By Max A. Joseph
Italy’s colonial past may have been derisory but its tactics were not unlike those of its European sisters: Belgium, France, Germany, Great Britain, Holland, Portugal and Spain, which treated subjugated natives as mere objects. But, unlike the other former European colonizers, Italy is making amends by agreeing to compensate Libya to the tune of $5 billions to be spread over a 25-year period. The Italy-Libya accord is clearly a departure from the norms, since the other former colonizers remain adamant in their refusal to provide compensation to their former colonies. But unfortunately, the Italians’ contrition is prodded by pragmatism rather than altruistic reasons, since Libya is a major oil producer and Italy is expected to get preferential treatments on future contracts.
In sub-Saharan Africa, the former colonizers not only refuse to provide compensations but continue to exercise political and economic control over the theoretically independent countries. The principal offender is France whose relations with its former colonies remain, depending on the circumstances, one step below or above colonialism. While the former colonizers’ refusal to provide compensation is rooted in the perverted belief that colonization was necessary to bring civilization to “savages and beasts,” if the late Winston Churchill was correct in his assessment, France actually went one step further.
On Nov. 18 1803, the remnants of Napoleon’s expeditionary force sent to restore slavery in Haiti were soundly defeated by an indigenous army led by Jean-Jacques Dessalines and sent packing.

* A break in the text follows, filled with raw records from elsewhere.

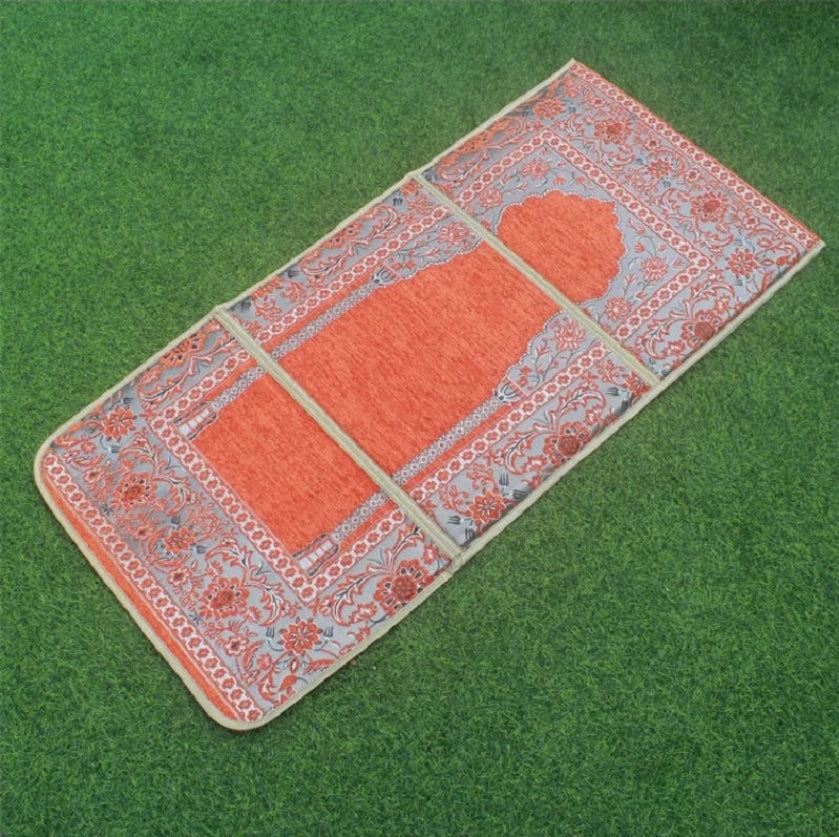 Portable Prayer Mat with Backrest - Foldable Muslim Prayer Rug for Travel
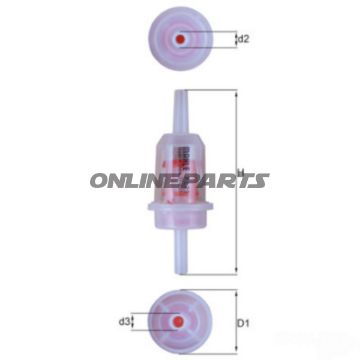 Brændstoffilter Mahle KL 23 8 mm
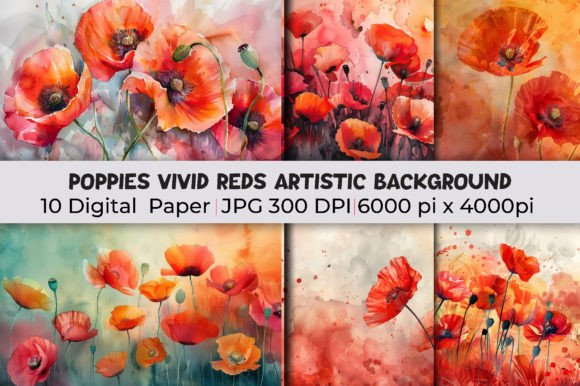 Download Poppies Vivid Reds Artistic Backgrounds - Artistic backgrounds Collection
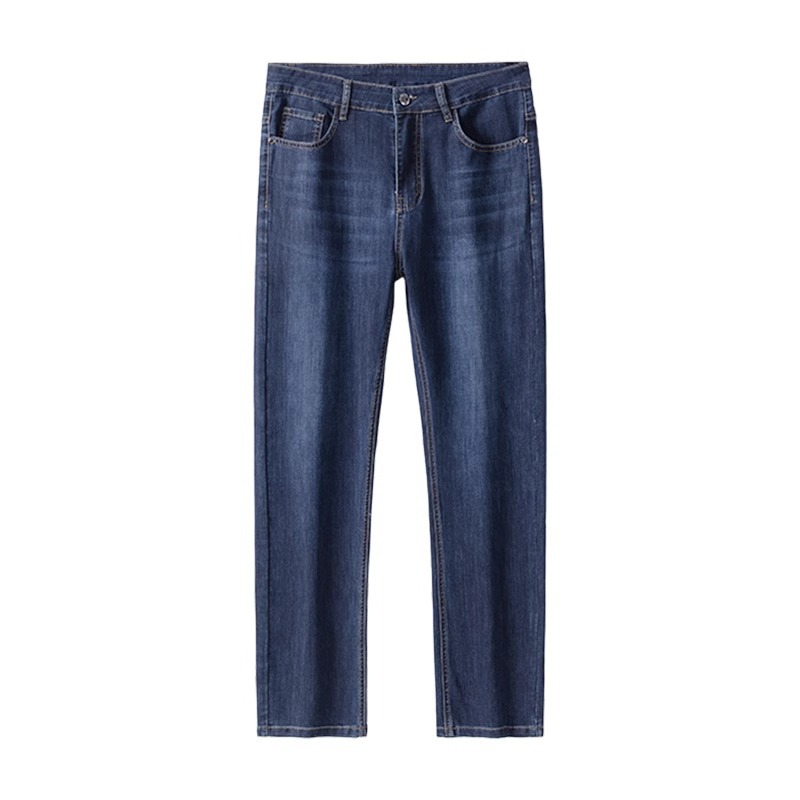 Men's summer skinny loose straight-leg jeans 2025 new style ice-oxygen business stretch casual long pants Item Picture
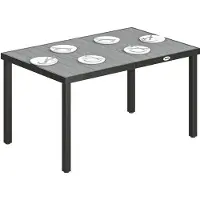 SUCCESS COURIER Table de jardin pour 6 personnes, plateau en WPC aspect bois, 140 x 90 x 74 cm, gris, structure en acier résistante aux intempéries, pieds réglables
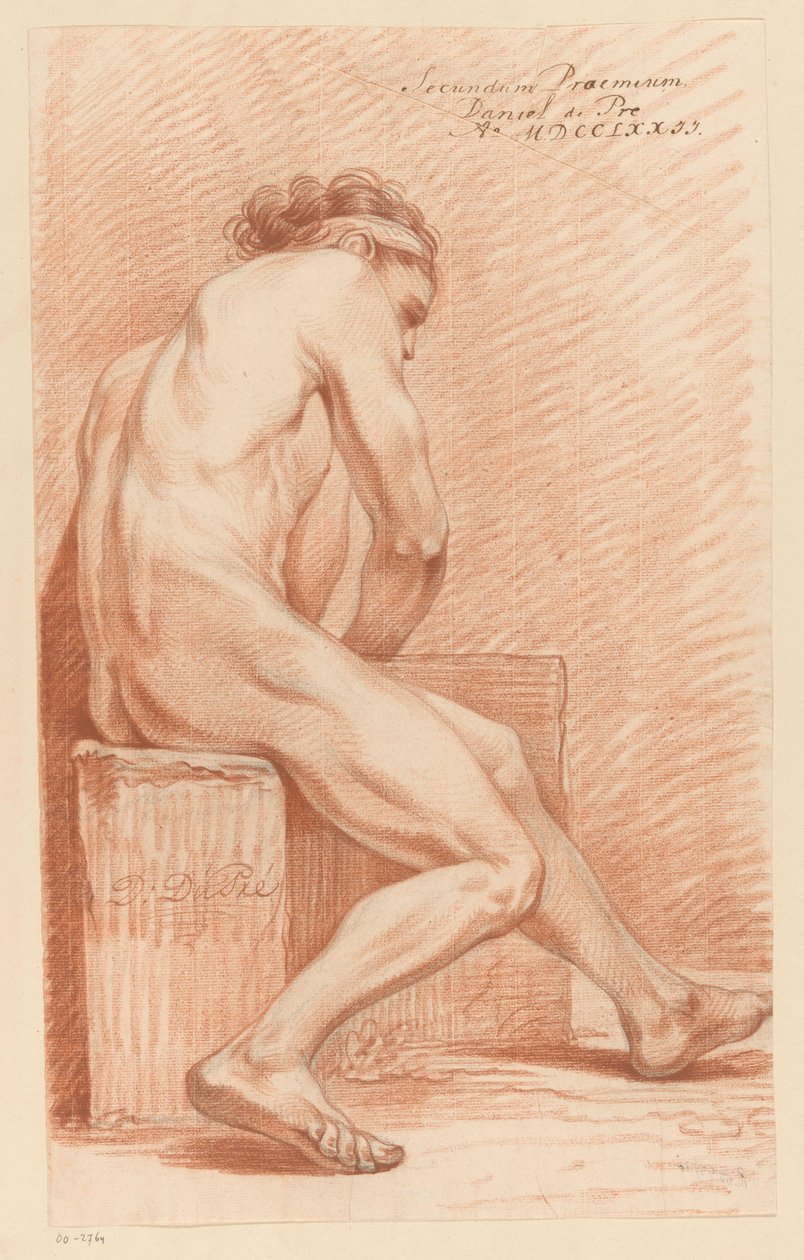 Homme nu assis, vu de côté (2e prix 1772) - Daniël Dupré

On Jan. 1 1804, the victorious former slaves created the world’s first black republic as a sanctuary for persecuted blacks. In the slavery-dominated 19th century, the former slaves’ accomplishment was perceived by the great powers as an abomination, which engendered an episode more depraved than slavery itself.
In 1825, Charles X (1824-1830), the last Bourbon king of France, ordered Haiti under the threat of a military invasion to pay 150 millions gold Francs as compensation for the material losses incurred by French planters as a result of that country’s successful struggle to free itself from tyranny and inhumanity.
Fearing a military invasion, which Haiti could not possibly defend against, then-Haitian president Jean-Pierre Boyer (1818-1843) agreed to France’s extortionist stance by borrowing the money from France itself at a ridiculously high-interest rate.
Far from being a revisionist, I believe the French would have been defeated again, since they were and remain a spineless bunch that buckles easily when facing determined adversaries.
France’s hasty capitulation to the Nazi onslaught in May 1940 and its defeat at Dien Bien Phu in 1954 at the hands of the Vietnamese are palpable examples of the French’s cowardly attitude before determined enemies.
Anyway, in 1947, some 122 years after the ultimatum, the debt was finally serviced. This was extortion in its purest definition and a unique case in the annals of human evolution toward civility and decency. When Jean-Bertrand Aristide, president of Haiti (1991-95), (2001-04), finally acted on what was purely an academic exercise by Haitian intellectuals by demanding the restitution of the ransom payment from France, the conceited French responded by orchestrating the events that led to the February 29 , 2004 invasion of Haiti.
On that fateful day, the U.N Security Council, under Resolution 1529, declared Haiti “a threat to international peace and security” and ordered a mandatory occupation of the country. Having survived France’s extortion; hidden and overt hostilities of the great powers throughout its two centuries of existence, Haiti’s subjugation is now complete with the Security Council’s blatant annulment of its sovereignty.
If the purpose of colonialism was to civilize the uncivilized, some Negroes apparently agreed. Because in 2004, Gerard Latortue, the illegal prime minister, who oversaw a regime of terror (2004-06) in the first phase of the occupation, characterized Aristide’s demand for restitution of the ransom payment as “absurd and illegal”. Ironically, the incivility and indecency permeating Haitian politics and the fact that an untamed Negro like Gerard Latortue even exists negate the Europeans’ argument of “having brought civilization to the uncivilized. Moreover, it proves that the French failed miserably in their attempt to civilize the so-called African savages. Because the obnoxious French continue to view restitution of the extortion payment as a non-issue, we therefore reserve the right to sue them for malpractice. Whatever method works, the ransom money has to be repaid since the extortion is essentially responsible for Haiti’s slide into the abyss of misery and other social problems.
Haiti is living on welfare; two third of its government budget is funded by foreign donations, its denuded landscape makes living an every day challenge for most Haitians, and its future is controlled by the same capricious clique that oppresses its people, hence the need for a rebirth. Though any restitution would be helpful, some peculiarities, like those exhibited by the political establishment, must be eradicated, if the country were to move forward.
Simply put, France’s ransoming of Haiti would be synonymous to the state of Israel compensating Germany for the Holocaust, the twentieth century’s worst case of ethnic cleansing in which 6 million Jews were exterminated and millions others enslaved by one of the most cultured nations on earth.
Fortunately for the Jewish people, they had David Ben-Gourion, Israel’s first prime minister, while Haiti remains saturated with impenitent collaborators deserving no less than an expedited trip to the gallows.